Opinion on the European Union (EU) referendum question may cut across the political divide, but when it comes to the UK’s national boundaries the divide is crystal clear: Scotland backs remaining within the EU while much of England wants out.
In May the Justice Secretary and Leave campaigner Michael Gove dismissed suggestions that Scotland is more Europhile than the rest of the country, telling the BBC’s Andrew Marr: “When we vote to leave I think a majority of people in Scotland will also vote to leave as well.”
But it is unclear what basis Mr. Gove had for making the statement, as poll after poll on the EU referendum question has steadfastly shown that the Scottish people overwhelmingly support Britain remaining within the EU.
The most recent poll, conducted by YouGov on behalf of The Times at the end of May found the two camps to be evenly split overall at 50 per cent each after discounting the “don’t knows” and those not planning to vote.
But the regional results show a very different picture: 65 per cent of Scots were planning to vote Remain, against just 35 per cent who backed Leave.
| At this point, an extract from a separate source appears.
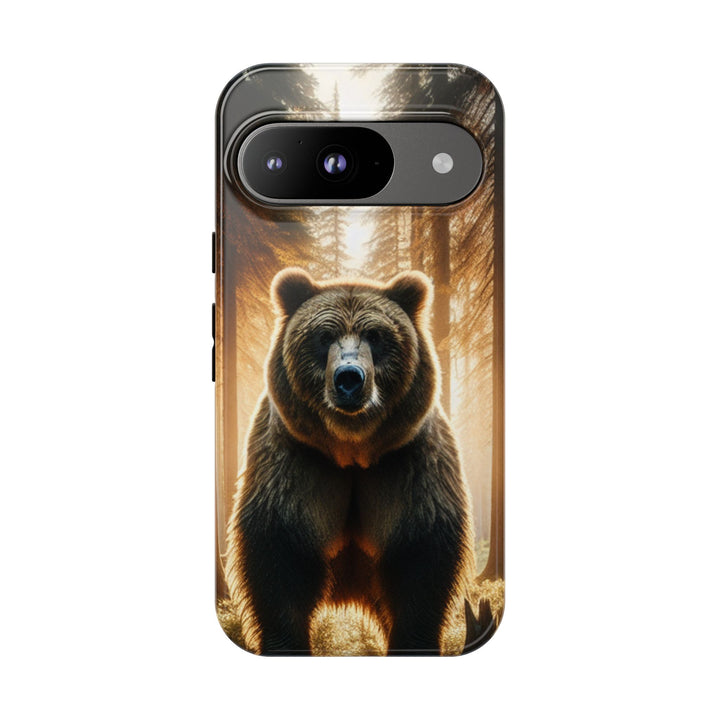Wildlife Phone Case - Tough Cases with Bear Design, Nature Lover Gift, Animal-Themed Accessories, Eco-Friendly Tech Protection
London also backed Remain by 60 per cent to 40 per cent, but with the rest of the country favouring Leave by a margin of four to eight points.
YouGov blends the Midlands and Wales in together in its results, making that region the most Eurosceptic (44 per cent Remain, 56 per cent Leave), but research undertaken by the company earlier this year, based on opinions from more than 80,000 people from around the country shows a stark national picture.
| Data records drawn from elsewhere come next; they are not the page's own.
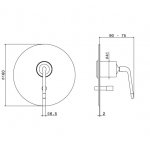 Newform O\'Rama Bateria prysznicowa jednouchwytowa podtynkowa z dwoma wyjściami część zewnętrzna chrom 68471E.21.018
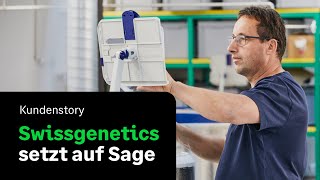 Wie Swissgenetics seine Agilität und Prozesseffizienz mit Sage X3 erhöht [upl. by Nolte]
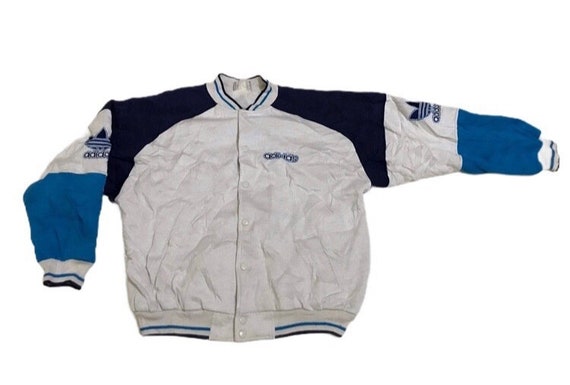 Vintage adidas snap button varsity jacket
A Survation poll undertaken on 24 May shows an even more divided picture: fully 75.5 per cent of Scots likely to vote were backing Remain, against 24.5 per cent who were planning to vote Leave.
Wales showed a similar picture: 62.8 per cent Remain against 37.2 per cent Leave, as did London which was split 59.1 per cent Remain against 40.9 Leave. The North of England, however, and the Midlands, both backed leaving.
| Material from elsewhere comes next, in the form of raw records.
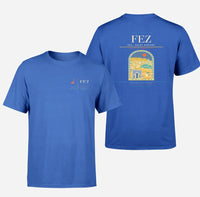 Thumbnail for Fes (FEZ) design printed on blue double-side t-shirt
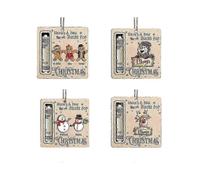 2025 4Pcs Cute Money Holder Christmas Ornament, Here's A Few Bucks for Xmas Tree Wooden Hanging Decoratioin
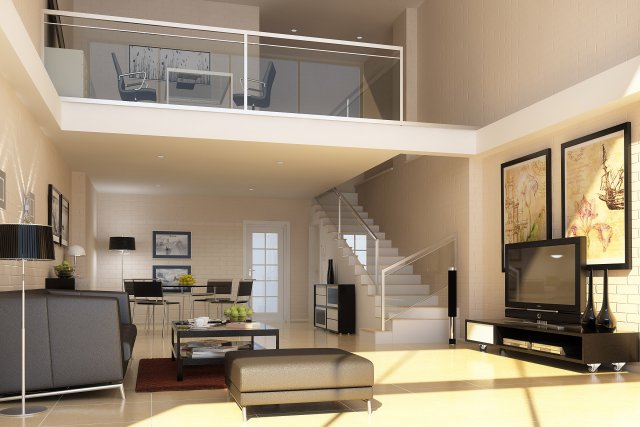 condo 151 3D-Modell .c4d .max .obj .3ds .fbx .stl .blend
When mapped according to Euroscepticism, sharp geographical divides are easy to spot. Indeed, it is possible to locate the national boundaries between Scotland, England and Wales and the locations of major cities almost purely by Euroscepticism alone (barring Oxfordshire).
The top ten most Eurosceptic areas in the UK (dark red) are all in England, whereas the top ten most Europhile (dark green) are split between Scotland, Wales and London.
But despite calls from the Scottish National Party’s (SNP’s) leader, Nicola Sturgeon, for a second referendum on independence —should Scotland be dragged out of the EU by the rest of the country— it appears that the main body of support for a Remain vote is not coming from Scottish nationalists.
A 2014 Survation poll found that those who backed an Independent Scotland in that year’s referendum on the matter were almost evenly split on the question of whether or not to leave the EU. By contrast, those who wanted to see Scotland remain part of the UK also favoured remaining in the EU by nearly two to one.
A pair of SNP supporters have today launched a concerted campaign to persuade Scottish voters to back Brexit, reasoning that those who want to see an independent Scotland, able to run her own affairs, ought want also to see an independent Britain.
“I joined the SNP 50 years ago to fight for independence, now I’m being asked to vote against it,” campaigner Don Morrison told STV.
“Inside the EU we have zero say and unelected officials govern our country. I want to see an independent Scotland, where we can govern ourselves and make our own decisions — that simply isn’t possible within the European Union.
“I can’t for the life of me understand why the SNP, who said we can do it during the independence referendum, are now saying we can’t be successful outside the European Union. What is the point in securing independence from Westminster just to hand it over to Brussels?”
His co-campaigner David Robertson added: “As an SNP supporter, I want to see the Scottish Parliament, and our elected Scottish politicians make the decisions. I don’t understand why we’re being asked to vote against more powers for the Scottish Parliament.
“Nicola [Sturgeon, Scotland’s First Minister] and our SNP government in Scotland could have more control if we left, yet they don’t seem to want it.”